EXERCISE INSTRUCTIONS —
Only the final stretch of the data is wanted: reproduce the line containing "Hand Mirror Double-Sided" and each line after it, exactly.

[Short web captions]
........

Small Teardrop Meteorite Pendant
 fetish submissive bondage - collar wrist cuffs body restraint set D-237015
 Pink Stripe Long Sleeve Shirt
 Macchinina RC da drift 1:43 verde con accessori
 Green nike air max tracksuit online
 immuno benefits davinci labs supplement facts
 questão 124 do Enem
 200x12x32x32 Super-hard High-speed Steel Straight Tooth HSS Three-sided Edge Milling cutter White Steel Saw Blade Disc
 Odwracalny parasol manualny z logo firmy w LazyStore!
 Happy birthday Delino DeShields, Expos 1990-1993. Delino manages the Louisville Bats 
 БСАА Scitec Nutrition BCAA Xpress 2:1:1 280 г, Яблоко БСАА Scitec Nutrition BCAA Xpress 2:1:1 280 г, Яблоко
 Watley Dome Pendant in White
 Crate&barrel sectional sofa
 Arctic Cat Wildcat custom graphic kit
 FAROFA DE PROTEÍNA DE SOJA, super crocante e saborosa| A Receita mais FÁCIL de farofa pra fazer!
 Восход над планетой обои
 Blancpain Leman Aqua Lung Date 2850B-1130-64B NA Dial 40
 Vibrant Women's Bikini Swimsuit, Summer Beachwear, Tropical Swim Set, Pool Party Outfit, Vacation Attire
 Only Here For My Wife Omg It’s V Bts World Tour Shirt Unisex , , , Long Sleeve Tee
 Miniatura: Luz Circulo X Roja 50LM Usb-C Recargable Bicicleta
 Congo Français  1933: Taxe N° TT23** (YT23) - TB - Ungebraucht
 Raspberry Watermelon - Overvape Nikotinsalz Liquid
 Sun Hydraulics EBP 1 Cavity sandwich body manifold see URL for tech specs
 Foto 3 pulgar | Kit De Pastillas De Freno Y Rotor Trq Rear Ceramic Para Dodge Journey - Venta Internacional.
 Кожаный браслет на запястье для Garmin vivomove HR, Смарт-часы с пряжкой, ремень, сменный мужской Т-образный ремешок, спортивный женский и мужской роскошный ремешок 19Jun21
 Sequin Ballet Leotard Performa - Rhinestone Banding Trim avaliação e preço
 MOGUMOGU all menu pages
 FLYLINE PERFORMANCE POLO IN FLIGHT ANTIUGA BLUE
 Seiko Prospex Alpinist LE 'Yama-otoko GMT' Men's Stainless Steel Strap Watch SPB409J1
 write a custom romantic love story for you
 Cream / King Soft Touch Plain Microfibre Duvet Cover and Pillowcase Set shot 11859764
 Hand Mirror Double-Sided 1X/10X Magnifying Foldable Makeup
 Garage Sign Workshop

........

SOLUTION —
 Hand Mirror Double-Sided 1X/10X Magnifying Foldable Makeup
 Garage Sign Workshop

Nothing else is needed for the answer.